The report investigated the incidence of occupational injury and illness among domestic workers in South Africa. It included a series of case studies showing the nature, consequences and context of injury and diseases that domestic workers in South Africa are exposed to on the job. It surveyed 60 respondents out over 90,000 participants on WhatsApp and Facebook. Of the 60, five were men.

READ: When the job hurts: workplace injuries and disease among South Africa's domestic workers

When the Job Hurts Report by Janice Healing on Scribd

The stories include people who had been fired after being declared ill by a doctor, and told to only do "light work".

One woman, Buhle, whose story was told via her brother, died after years of being subjected to emotionally abusive behaviour by her employer, according to him. He said she was emotionally and psychologically stressed, and this was compounded by her low wages. She was hospitalised for work-related stress, but died there, he told the researchers.

The report stated that "injured domestic workers were reluctant to report their cases for fear of reprisal".

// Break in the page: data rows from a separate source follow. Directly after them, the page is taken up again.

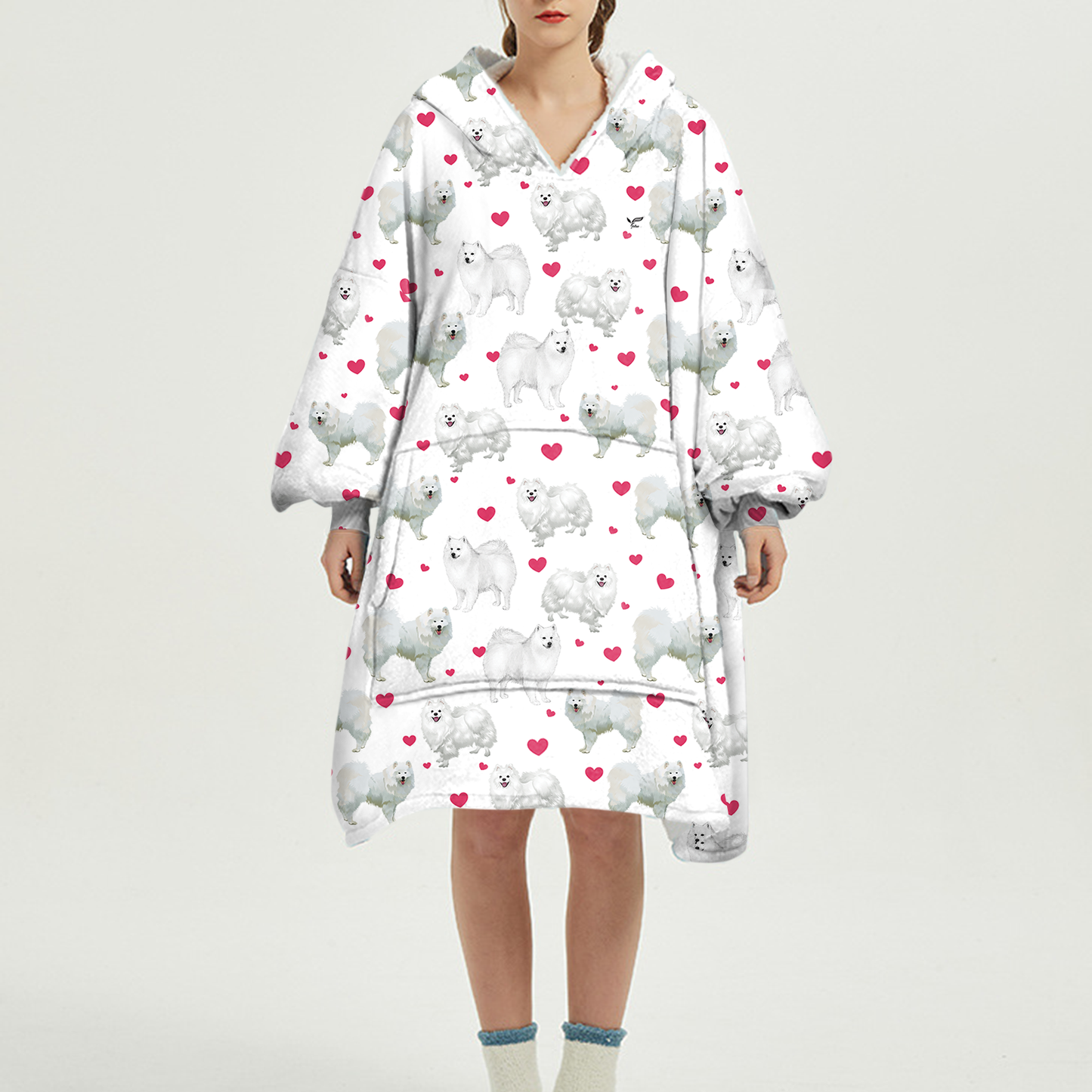 Niedlicher Winter – American Eskimo Fleece Decke Hoodie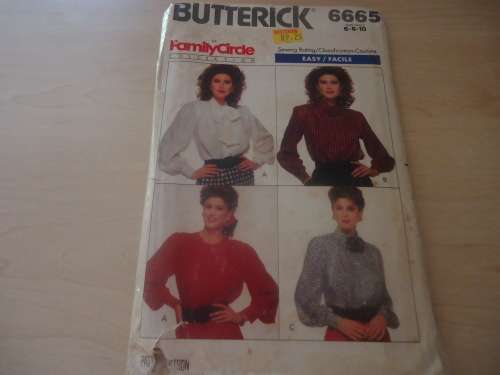 BUTTERICK  PATTERN 6665 4 DIFFERENT BLOUSES SIZE 6 + 8 + 10  COMPLETE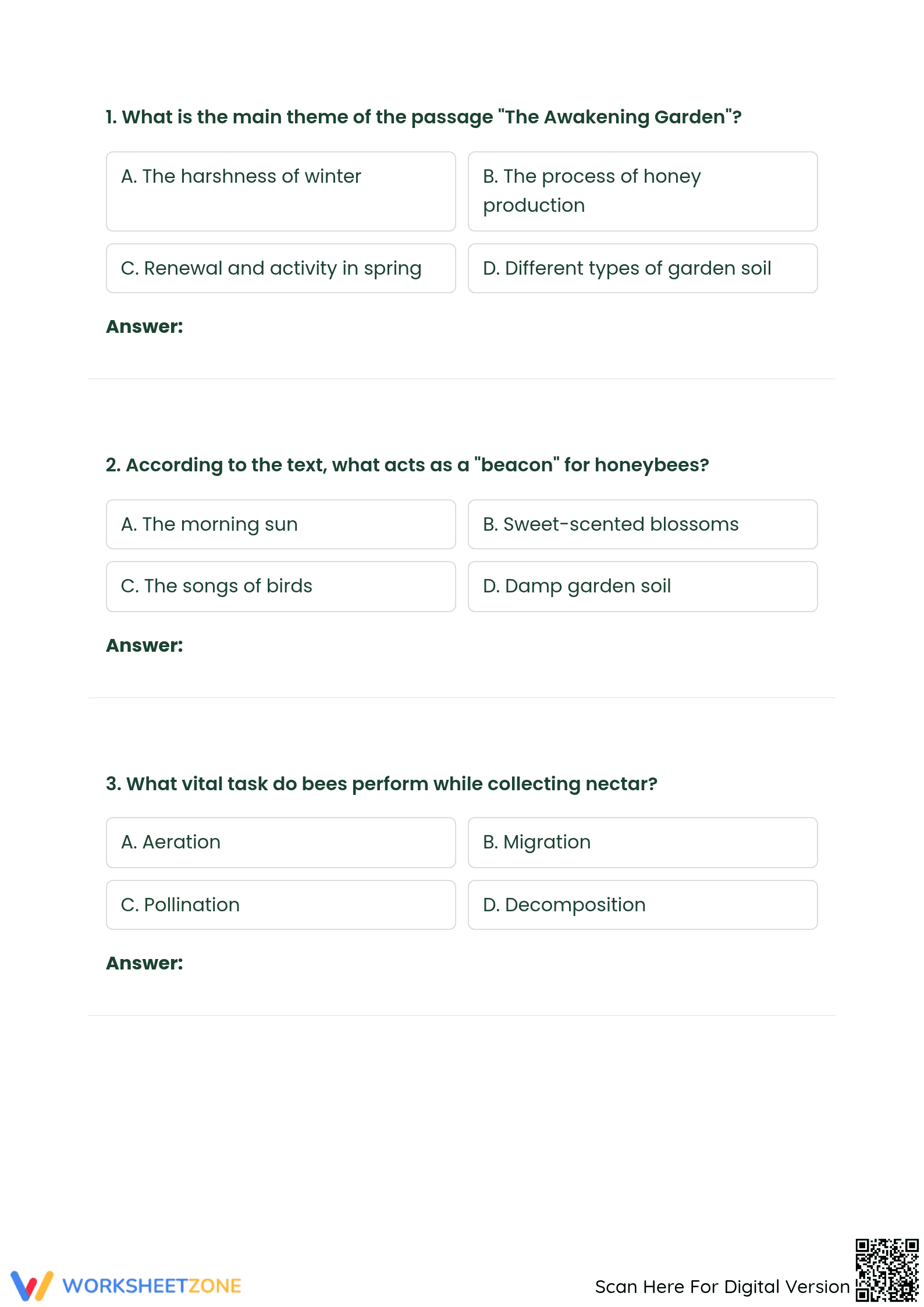 Essential Spring Reading & Science Worksheet | Grade 4 - Page 3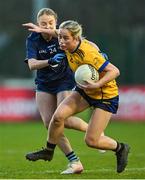 13 March 2025; Aobha Harmon of DCU Dóchas Éireann during the 2025 AIG Moynihan Cup final match between TUD CC1 and DCU Dóchas Éireann at Queen's Sport in Belfast. Photo by Shauna Clinton/Sportsfile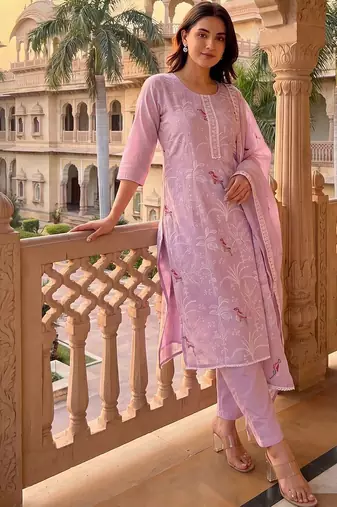 Women Ethnic Motifs Embroidered Regular Thread Work Kurta with Trousers & With Dupatta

"Several respondents preferred to 'remain silent' for fear of reprisals such as losing jobs... Some injured workers reported unfair dismissal subsequent to their injury," the report stated.

But a key factor remained that domestic workers covered by COIDA were unable to access the claims process, telling Solidarity Centre that they were unable to get time off work to pursue their cases or that documentation and proving the allegations was "prohibitively expensive". In the case of Sylvia's, it has proven true.

Sylvia's case continues in the Constitutional Court.